Each year as this date comes closer, I try to get enthused, but it’s such a phony holiday for lovers. If you really love someone, you don’t need a special day to express it – you should be doing that all the time – sometimes with words, but mostly with works. I discovered the real meaning of the marriage vows – in sickness and in health – when I was starting my trip down MS Lane. There was no haggling, no length discussions, just the fact that I’d be in a declining state, and I’d need help. My husband is always there to give me that assistance. That means more to me than flowers and candy. Funny thing, though, when I was healthy, he always sent me flowers at work. The other teachers got jealous, and one went so far as to send some to herself! (I learned this later and was she ever embarrassed!) But now I just ask him not to give me gifts – it’s enough that he cares for me when I need it.

My children have always liked this holiday – they didn’t inherit it from me, though. So each year, I still make Valentine cards, and I bake a little something special for them. I used to make painted candy pops, but I stopped when I was getting too tired to continue the tradition. This year I made shortbread cookie hearts with half dipped in chocolate (a Martha Stewart recipe.) I also have little brownie cups, and I’ll buy a few candies. For the little guy, I also bought some books, and I’ll add a little stuffed animal to it.  We’ll visit him tomorrow, and I’ll take a lunch with us. He’s having a little operation today and the gifts may cheer him. My two boys will get their goodies on Thursday, along with handmade cards. I wish I could use scissors a little better because Martha (again) had some great ones on her show.

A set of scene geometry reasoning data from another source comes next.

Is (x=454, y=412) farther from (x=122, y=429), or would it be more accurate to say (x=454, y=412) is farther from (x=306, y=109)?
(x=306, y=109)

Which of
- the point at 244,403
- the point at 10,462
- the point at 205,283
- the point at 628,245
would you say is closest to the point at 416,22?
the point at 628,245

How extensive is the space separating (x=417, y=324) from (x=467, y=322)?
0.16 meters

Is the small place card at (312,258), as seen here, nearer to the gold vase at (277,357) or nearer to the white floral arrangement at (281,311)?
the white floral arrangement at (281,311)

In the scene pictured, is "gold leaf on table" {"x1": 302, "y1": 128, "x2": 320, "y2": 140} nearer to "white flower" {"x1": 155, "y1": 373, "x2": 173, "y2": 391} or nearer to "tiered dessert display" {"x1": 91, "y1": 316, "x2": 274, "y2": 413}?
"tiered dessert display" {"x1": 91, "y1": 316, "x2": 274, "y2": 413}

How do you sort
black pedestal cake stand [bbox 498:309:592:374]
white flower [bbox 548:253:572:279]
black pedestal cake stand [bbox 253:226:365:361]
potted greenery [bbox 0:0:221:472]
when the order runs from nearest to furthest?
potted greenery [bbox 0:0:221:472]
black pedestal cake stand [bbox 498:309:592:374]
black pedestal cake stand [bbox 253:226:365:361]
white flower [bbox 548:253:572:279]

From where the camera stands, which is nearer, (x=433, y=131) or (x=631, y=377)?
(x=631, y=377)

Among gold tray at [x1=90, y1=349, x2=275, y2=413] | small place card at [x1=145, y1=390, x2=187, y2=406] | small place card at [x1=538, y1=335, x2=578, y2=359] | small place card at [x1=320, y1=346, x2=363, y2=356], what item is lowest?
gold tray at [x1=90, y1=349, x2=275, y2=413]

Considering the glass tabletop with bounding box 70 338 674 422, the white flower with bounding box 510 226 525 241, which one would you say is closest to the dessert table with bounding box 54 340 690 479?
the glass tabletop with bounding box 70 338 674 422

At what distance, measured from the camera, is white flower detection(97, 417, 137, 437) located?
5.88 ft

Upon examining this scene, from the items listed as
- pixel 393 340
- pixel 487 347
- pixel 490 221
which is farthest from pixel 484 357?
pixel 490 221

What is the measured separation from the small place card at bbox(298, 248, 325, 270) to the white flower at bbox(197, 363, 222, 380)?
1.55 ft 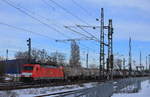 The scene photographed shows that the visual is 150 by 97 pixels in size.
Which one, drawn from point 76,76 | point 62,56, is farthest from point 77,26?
point 62,56

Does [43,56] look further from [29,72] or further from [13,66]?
[29,72]

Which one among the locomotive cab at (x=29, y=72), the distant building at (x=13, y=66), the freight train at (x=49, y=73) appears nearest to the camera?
the locomotive cab at (x=29, y=72)

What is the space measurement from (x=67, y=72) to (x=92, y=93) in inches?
1596

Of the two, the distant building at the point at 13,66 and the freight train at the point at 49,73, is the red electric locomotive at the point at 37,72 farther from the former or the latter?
the distant building at the point at 13,66

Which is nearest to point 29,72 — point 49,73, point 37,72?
point 37,72

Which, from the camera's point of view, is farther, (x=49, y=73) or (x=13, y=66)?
(x=13, y=66)

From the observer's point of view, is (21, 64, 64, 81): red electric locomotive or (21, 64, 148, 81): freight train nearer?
(21, 64, 64, 81): red electric locomotive

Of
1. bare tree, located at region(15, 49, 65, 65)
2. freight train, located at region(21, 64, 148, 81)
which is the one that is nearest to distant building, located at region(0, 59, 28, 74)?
bare tree, located at region(15, 49, 65, 65)

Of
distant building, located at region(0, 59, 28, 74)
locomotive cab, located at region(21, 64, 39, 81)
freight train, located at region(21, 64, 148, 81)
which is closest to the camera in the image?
locomotive cab, located at region(21, 64, 39, 81)

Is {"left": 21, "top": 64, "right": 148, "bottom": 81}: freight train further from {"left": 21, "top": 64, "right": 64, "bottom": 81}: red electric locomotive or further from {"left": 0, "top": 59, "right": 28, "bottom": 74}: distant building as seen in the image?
{"left": 0, "top": 59, "right": 28, "bottom": 74}: distant building

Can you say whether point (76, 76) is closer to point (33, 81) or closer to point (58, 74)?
point (58, 74)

My husband and I will just have a simple dinner, but no gifts. We’ll exchange cards, but we both know that it’s actions not words that make love special. So to all of you lovebirds, Happy Valentine’s Day, and may you enjoy it however you please.

Peace,
Muff      

3 comments:

Rae said...

It's what you make it. Some people like all that romance stuff. It's just another day on the calendar for me. No celebrating, card, candy, or special dinners for me and my hubby.

Peace Be With You said...

I say take a strong sleeping pill and sleep through Feb 14. Wake up on the 15th and say, "I made it through!" Really, you've had a rough string with that holiday. My own relationship with the holiday falls somewhat short of Hallmark-card glory. Anyway, as Scarlett O'Hara famously said, "Tomorrow is another day," and I say tomorrow is Feb 15. :))
Judy

Karen said...

I hope everything went well today for your grandie!